(Crawled caption data)
^^^^^^^^^^^^^^^^
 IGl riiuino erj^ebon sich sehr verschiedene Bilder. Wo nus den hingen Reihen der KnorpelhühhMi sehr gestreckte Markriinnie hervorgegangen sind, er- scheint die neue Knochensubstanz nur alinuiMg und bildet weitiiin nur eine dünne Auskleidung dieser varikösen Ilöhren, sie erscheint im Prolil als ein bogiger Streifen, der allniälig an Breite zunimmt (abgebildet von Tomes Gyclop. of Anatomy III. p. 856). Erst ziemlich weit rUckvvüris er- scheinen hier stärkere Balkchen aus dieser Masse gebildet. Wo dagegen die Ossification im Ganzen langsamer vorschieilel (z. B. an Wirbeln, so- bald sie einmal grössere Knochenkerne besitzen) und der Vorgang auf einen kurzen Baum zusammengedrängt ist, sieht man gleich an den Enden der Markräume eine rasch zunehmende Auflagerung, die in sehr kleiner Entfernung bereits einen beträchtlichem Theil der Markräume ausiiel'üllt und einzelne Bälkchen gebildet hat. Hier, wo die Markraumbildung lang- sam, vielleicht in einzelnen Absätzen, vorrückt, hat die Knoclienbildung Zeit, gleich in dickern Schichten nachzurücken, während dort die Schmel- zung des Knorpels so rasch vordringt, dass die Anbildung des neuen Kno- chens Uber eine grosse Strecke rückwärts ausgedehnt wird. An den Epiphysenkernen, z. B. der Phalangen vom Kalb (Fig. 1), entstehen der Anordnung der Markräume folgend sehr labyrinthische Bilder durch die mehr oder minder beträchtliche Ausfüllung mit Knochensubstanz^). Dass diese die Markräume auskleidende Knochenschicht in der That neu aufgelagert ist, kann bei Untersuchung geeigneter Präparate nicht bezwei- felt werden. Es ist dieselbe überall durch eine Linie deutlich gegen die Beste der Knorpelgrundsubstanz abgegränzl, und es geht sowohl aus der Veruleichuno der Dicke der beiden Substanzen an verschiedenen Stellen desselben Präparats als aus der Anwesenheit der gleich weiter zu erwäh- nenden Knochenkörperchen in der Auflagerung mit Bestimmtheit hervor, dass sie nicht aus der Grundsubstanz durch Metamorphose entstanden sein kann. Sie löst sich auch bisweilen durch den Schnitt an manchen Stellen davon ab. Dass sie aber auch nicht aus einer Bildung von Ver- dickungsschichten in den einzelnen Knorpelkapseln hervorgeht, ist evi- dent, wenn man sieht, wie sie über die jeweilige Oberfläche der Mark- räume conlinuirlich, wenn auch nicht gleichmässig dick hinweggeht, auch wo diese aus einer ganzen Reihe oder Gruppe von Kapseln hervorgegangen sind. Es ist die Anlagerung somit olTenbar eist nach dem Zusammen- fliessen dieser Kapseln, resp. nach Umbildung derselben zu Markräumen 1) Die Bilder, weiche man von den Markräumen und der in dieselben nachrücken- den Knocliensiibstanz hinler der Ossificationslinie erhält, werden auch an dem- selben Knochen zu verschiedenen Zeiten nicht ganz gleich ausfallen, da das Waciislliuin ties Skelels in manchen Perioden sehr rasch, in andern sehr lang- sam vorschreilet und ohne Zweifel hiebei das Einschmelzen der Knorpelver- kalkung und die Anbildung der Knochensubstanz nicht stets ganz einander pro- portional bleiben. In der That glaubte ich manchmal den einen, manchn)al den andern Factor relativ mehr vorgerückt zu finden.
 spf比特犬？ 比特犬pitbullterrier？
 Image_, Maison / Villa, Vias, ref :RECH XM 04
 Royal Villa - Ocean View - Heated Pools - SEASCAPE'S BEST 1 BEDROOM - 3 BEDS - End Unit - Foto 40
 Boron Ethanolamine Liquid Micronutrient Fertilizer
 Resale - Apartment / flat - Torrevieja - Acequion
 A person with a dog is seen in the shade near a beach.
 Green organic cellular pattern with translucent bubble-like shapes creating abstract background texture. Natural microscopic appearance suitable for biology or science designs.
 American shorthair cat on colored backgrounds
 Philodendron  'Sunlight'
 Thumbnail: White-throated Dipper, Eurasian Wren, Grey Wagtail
^^^^^^^^^^^^^^^^
ASSIGNMENT: The answer should be the entries, given again without a single difference.

EXERCISE ANSWER:
 IGl riiuino erj^ebon sich sehr verschiedene Bilder. Wo nus den hingen Reihen der KnorpelhühhMi sehr gestreckte Markriinnie hervorgegangen sind, er- scheint die neue Knochensubstanz nur alinuiMg und bildet weitiiin nur eine dünne Auskleidung dieser varikösen Ilöhren, sie erscheint im Prolil als ein bogiger Streifen, der allniälig an Breite zunimmt (abgebildet von Tomes Gyclop. of Anatomy III. p. 856). Erst ziemlich weit rUckvvüris er- scheinen hier stärkere Balkchen aus dieser Masse gebildet. Wo dagegen die Ossification im Ganzen langsamer vorschieilel (z. B. an Wirbeln, so- bald sie einmal grössere Knochenkerne besitzen) und der Vorgang auf einen kurzen Baum zusammengedrängt ist, sieht man gleich an den Enden der Markräume eine rasch zunehmende Auflagerung, die in sehr kleiner Entfernung bereits einen beträchtlichem Theil der Markräume ausiiel'üllt und einzelne Bälkchen gebildet hat. Hier, wo die Markraumbildung lang- sam, vielleicht in einzelnen Absätzen, vorrückt, hat die Knoclienbildung Zeit, gleich in dickern Schichten nachzurücken, während dort die Schmel- zung des Knorpels so rasch vordringt, dass die Anbildung des neuen Kno- chens Uber eine grosse Strecke rückwärts ausgedehnt wird. An den Epiphysenkernen, z. B. der Phalangen vom Kalb (Fig. 1), entstehen der Anordnung der Markräume folgend sehr labyrinthische Bilder durch die mehr oder minder beträchtliche Ausfüllung mit Knochensubstanz^). Dass diese die Markräume auskleidende Knochenschicht in der That neu aufgelagert ist, kann bei Untersuchung geeigneter Präparate nicht bezwei- felt werden. Es ist dieselbe überall durch eine Linie deutlich gegen die Beste der Knorpelgrundsubstanz abgegränzl, und es geht sowohl aus der Veruleichuno der Dicke der beiden Substanzen an verschiedenen Stellen desselben Präparats als aus der Anwesenheit der gleich weiter zu erwäh- nenden Knochenkörperchen in der Auflagerung mit Bestimmtheit hervor, dass sie nicht aus der Grundsubstanz durch Metamorphose entstanden sein kann. Sie löst sich auch bisweilen durch den Schnitt an manchen Stellen davon ab. Dass sie aber auch nicht aus einer Bildung von Ver- dickungsschichten in den einzelnen Knorpelkapseln hervorgeht, ist evi- dent, wenn man sieht, wie sie über die jeweilige Oberfläche der Mark- räume conlinuirlich, wenn auch nicht gleichmässig dick hinweggeht, auch wo diese aus einer ganzen Reihe oder Gruppe von Kapseln hervorgegangen sind. Es ist die Anlagerung somit olTenbar eist nach dem Zusammen- fliessen dieser Kapseln, resp. nach Umbildung derselben zu Markräumen 1) Die Bilder, weiche man von den Markräumen und der in dieselben nachrücken- den Knocliensiibstanz hinler der Ossificationslinie erhält, werden auch an dem- selben Knochen zu verschiedenen Zeiten nicht ganz gleich ausfallen, da das Waciislliuin ties Skelels in manchen Perioden sehr rasch, in andern sehr lang- sam vorschreilet und ohne Zweifel hiebei das Einschmelzen der Knorpelver- kalkung und die Anbildung der Knochensubstanz nicht stets ganz einander pro- portional bleiben. In der That glaubte ich manchmal den einen, manchn)al den andern Factor relativ mehr vorgerückt zu finden.
 spf比特犬？ 比特犬pitbullterrier？
 Image_, Maison / Villa, Vias, ref :RECH XM 04
 Royal Villa - Ocean View - Heated Pools - SEASCAPE'S BEST 1 BEDROOM - 3 BEDS - End Unit - Foto 40
 Boron Ethanolamine Liquid Micronutrient Fertilizer
 Resale - Apartment / flat - Torrevieja - Acequion
 A person with a dog is seen in the shade near a beach.
 Green organic cellular pattern with translucent bubble-like shapes creating abstract background texture. Natural microscopic appearance suitable for biology or science designs.
 American shorthair cat on colored backgrounds
 Philodendron  'Sunlight'
 Thumbnail: White-throated Dipper, Eurasian Wren, Grey Wagtail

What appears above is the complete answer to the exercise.